Perjuangan terus berlanjut hingga menjelang kemerdekaan. Terjadilah perdebatan sengit antara pejuang Islam yang menghendaki Negara Islam dengan kalangan sekuler yang menolak penyatuan agama dengan negara. Ringkas cerita, yang terjadi adalah kompromi dengan lahirnya Piagam Jakarta 22 Juni 1945 yang menyebutkan bahwa negara dibentuk berdasar kepada “Ketuhanan, dengan kewajiban menjalankan Syariah Islam bagi pemeluk-pemeluknya.” Sekalipun demikian, Ki Bagus Hadikusumo, pemimpin Muhammadiyah, menegaskan beliau tidak menyetujui rumusan tersebut. Kata-kata bagi ‘pemeluk-pemeluknya’ harus dihapus. Cukup, dengan kewajiban menjalankan ‘Syariah Islam’. Tetapi, rumusannya tetap seperti itu. Jadi, perjuangan Islam berhasil dengan menetapkan pemerintah wajib menjalankan Syariah Islam bagi Umat Islam saja. Diantara tokoh yang menandatanganinya adalah Abikoesno Tjokrosujoso (Partai Sarekat Islam Indonesia), Abdul Kahar Muzakir (Muhammadiyah), Haji Agus Salim (Partai Penyadar), dan KH A. Wahid Hasyim (Nahdlatul Ulama/NU).

Diproklamasikanlah Kemerdekaan Indonesia pada 17 Agustus 1945. Ternyata, usianya hanya satu hari. Sebab, pada 18 Agustus 1945 tujuh kata ‘dengan kewajiban menjalankan Syariah Islam bagi pemeluk-pemeluknya’ dalam Piagam Jakarta dicoret dalam sidang ilegal karena tanpa menyertakan para Ulama dan tokoh-tokoh politik Islam yang shalih sebelumnya.
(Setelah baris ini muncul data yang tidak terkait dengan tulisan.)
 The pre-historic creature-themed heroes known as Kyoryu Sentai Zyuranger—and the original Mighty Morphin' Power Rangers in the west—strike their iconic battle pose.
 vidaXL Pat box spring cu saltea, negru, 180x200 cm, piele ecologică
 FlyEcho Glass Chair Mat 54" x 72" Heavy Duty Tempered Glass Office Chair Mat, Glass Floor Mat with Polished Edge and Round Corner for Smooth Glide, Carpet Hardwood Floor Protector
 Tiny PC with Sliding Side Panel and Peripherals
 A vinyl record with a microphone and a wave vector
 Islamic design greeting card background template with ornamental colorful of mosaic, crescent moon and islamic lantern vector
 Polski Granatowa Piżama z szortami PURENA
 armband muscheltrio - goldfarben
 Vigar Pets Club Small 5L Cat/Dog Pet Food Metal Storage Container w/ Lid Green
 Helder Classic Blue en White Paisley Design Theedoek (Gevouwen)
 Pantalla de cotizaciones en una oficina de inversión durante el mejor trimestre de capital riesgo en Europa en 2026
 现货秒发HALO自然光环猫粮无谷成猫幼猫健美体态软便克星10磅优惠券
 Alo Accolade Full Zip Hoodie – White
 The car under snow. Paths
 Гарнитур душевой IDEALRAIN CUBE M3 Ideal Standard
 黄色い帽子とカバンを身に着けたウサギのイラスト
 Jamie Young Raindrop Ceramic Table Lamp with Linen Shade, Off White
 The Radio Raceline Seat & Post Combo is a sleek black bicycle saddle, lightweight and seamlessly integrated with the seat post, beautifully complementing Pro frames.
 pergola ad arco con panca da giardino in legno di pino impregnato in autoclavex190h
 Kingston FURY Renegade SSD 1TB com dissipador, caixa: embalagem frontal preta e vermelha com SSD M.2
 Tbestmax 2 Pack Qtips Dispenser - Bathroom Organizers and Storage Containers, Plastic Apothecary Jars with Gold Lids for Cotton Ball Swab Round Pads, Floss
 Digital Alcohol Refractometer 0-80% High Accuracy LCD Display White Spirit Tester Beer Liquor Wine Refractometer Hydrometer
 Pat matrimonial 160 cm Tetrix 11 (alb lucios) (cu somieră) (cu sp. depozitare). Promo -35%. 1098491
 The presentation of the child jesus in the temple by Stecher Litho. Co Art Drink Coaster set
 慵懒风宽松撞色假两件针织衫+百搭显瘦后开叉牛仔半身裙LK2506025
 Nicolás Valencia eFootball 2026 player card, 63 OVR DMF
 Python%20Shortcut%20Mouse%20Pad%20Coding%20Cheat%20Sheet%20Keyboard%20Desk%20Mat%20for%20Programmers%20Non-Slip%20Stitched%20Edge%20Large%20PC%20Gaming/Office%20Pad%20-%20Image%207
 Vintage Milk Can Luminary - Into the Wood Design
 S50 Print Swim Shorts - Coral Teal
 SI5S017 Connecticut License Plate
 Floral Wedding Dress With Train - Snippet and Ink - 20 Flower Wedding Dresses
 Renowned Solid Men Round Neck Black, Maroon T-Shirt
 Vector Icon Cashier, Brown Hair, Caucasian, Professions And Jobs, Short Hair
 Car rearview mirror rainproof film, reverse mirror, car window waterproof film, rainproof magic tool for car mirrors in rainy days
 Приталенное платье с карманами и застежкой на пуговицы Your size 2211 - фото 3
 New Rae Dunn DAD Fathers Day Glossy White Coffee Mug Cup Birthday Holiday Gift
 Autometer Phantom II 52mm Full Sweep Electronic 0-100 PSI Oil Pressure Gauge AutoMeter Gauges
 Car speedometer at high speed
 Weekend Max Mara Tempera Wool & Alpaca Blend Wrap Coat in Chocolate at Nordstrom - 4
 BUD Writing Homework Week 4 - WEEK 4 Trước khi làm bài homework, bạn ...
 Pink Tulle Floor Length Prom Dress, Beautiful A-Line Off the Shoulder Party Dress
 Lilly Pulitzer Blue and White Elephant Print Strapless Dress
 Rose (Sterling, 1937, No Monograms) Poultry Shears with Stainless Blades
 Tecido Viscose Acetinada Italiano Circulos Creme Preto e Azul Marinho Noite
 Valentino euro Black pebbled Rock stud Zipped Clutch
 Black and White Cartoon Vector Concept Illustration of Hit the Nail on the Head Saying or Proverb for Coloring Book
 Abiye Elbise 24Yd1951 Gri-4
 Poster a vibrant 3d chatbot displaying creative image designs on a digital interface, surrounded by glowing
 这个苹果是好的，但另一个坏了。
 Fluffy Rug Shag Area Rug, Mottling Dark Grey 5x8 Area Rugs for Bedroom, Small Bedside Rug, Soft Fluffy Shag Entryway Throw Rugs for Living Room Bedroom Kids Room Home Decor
Panitia dalam sidang tersebut dikenal dengan Panitia Persiapan Kemerdekaan Indonesia. Pada waktu itu Ulama mencabut restunya atas kemerdekaan Indonesia, karena merasa dikhianati. Kejadian yang menyolok mata ini, dirasakan Umat Islam sebagai suatu permainan ‘sulap’ yang diliputi kabut rahasia. Inilah awal dalam tubuh pemerintahan RI, tirani minoritas atas mayoritas Umat Islam. Pada 3 Januari 1946, urusan Islam hanya diurusi oleh satu kementerian. Didirikanlah kementerian Agama sebagai konsesi kepada kaum Muslim. Berikutnya 27 Januari 1953, Presiden Soekarno berpidato di Amuntai bahwa bila negara yang didirikan berdasarkan Islam, maka banyak daerah yang berpenduduk non-Muslim akan lepas. Pidato ini mendapat respon keras dari para tokoh dan organisasi Islam. Di antaranya NU, Front Muballig Islam, Partai Islam Perti, Gerakan Pemuda Islam Indonesia, dan Persis.

PB NU yang diketuai KH A. Wahid Hasyim menulis: “.....Pernyataan bahwa pemerintah Islam tidak akan dapat memelihara persatuan dan kesatuan bangsa dan akan menjauhkan Irian, menurut pandangan hukum Islam adalah merupakan perbuatan munkar yang tidak dibenarkan Syariah Islam dan wajib tiap-tiap orang Muslimin menyatakan ingkar atau tidak menyetujuinya.”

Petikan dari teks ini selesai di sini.